Sans surprise, les ministres de l’ASEAN ont appelé à traiter prioritairement les menaces transnationales, qui font le quotidien des forces armées régionales. On retrouve ici la philosophie de l'ADMM, dont les groupes de travail sont exclusivement dédiés aux menaces de sécurité non-traditionnelle. Hishamuddin a certainement dressé la liste la plus exhaustive des défis auxquels sera confronté l’Asie en période post-pandémique : accélération de la criminalité transnationale et de l’immigration illégale, prolifération des cyber-attaques, nouveaux phénomènes de radicalisation et insécurité alimentaire, sans oublier les risques indirects causés par l’insécurité alimentaire, les pénuries de matières premières et les pressions exercées sur les chaines de valeurs. Le secrétaire à la défense nationale Lorenzana a également rappelé qu’aux Philippines, les « principales acquisitions d'équipement tels que des navires, des moyens aériens et du matériel d'ingénierie sont également largement utilisées pour l'aide humanitaire et les interventions en cas de catastrophe. » Il a également mis en garde contre les menaces introduites par les nouvelles technologies, car celles-ci permettent l’augmentation du recours à des stratégies « de zone grise, non-conventionnelles et ambiguës ». Enfin, le risque nucléaire demeure préoccupant, ce qui a poussé certains ministres a rappeler l’adhésion de leurs pays au Traité sur l’Interdiction des Armes Nucléaires (Philippines, Cambodge).

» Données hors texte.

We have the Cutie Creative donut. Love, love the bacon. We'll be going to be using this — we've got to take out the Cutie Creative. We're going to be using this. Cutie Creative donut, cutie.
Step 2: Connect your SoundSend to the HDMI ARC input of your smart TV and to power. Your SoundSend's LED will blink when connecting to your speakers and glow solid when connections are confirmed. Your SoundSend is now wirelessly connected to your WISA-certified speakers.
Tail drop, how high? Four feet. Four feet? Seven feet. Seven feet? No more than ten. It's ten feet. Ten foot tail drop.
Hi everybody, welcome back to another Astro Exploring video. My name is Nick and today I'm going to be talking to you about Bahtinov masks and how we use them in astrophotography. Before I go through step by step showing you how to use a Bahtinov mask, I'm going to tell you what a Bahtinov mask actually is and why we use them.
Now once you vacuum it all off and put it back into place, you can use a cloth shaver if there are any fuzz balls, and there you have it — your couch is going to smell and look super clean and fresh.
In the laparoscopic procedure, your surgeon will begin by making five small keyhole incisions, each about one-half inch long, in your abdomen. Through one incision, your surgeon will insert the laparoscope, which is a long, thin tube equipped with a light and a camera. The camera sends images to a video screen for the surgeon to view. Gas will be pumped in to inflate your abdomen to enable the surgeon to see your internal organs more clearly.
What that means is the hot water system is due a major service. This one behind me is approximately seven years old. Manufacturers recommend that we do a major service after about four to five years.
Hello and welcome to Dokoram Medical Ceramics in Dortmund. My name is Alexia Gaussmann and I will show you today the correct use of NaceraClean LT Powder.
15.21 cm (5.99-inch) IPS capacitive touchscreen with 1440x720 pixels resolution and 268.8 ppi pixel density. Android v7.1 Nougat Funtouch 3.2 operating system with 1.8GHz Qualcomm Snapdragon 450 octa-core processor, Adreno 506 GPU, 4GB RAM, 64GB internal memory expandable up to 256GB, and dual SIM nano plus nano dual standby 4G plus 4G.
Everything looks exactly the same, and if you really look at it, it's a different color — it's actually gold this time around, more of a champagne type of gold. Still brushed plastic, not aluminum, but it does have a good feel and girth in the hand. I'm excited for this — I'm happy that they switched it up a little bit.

Quelques mots en conclusion-ouverture sur la mer de Chine méridionale, qui demeure le hotspot conflictuel de la région. Alors que les Etats-Unis et le Japon déroulaient leurs éléments de langage classiques sur le respect du droit international et la détermination de leurs marines à accéder aux eaux internationales, Hishamuddin s’interrogeait : « les formes existantes de coopération en matière de sécurité sont-elles toujours bénéfiques comme moyen de dissuasion ? Ou vont-elles aggraver les conflits existants ? », ce que j'interprète personnellement comme une mise en cause d'AUKUS comme ferment d'une dynamique escalatoire.
Il y aurait évidemment bien plus à dire sur ce Shangri-La Dialogue en fonction de la sous-région de l’Indopacifique à laquelle on s’intéresse. Il me semble toutefois que cette édition a clairement mis en avant les voix de l'ASEAN, qui ont su, aux travers de discours bien coordonnés, donner corps à cette fameuse centralité que tant appellent de leurs voeux sans toujours en percevoir les contours.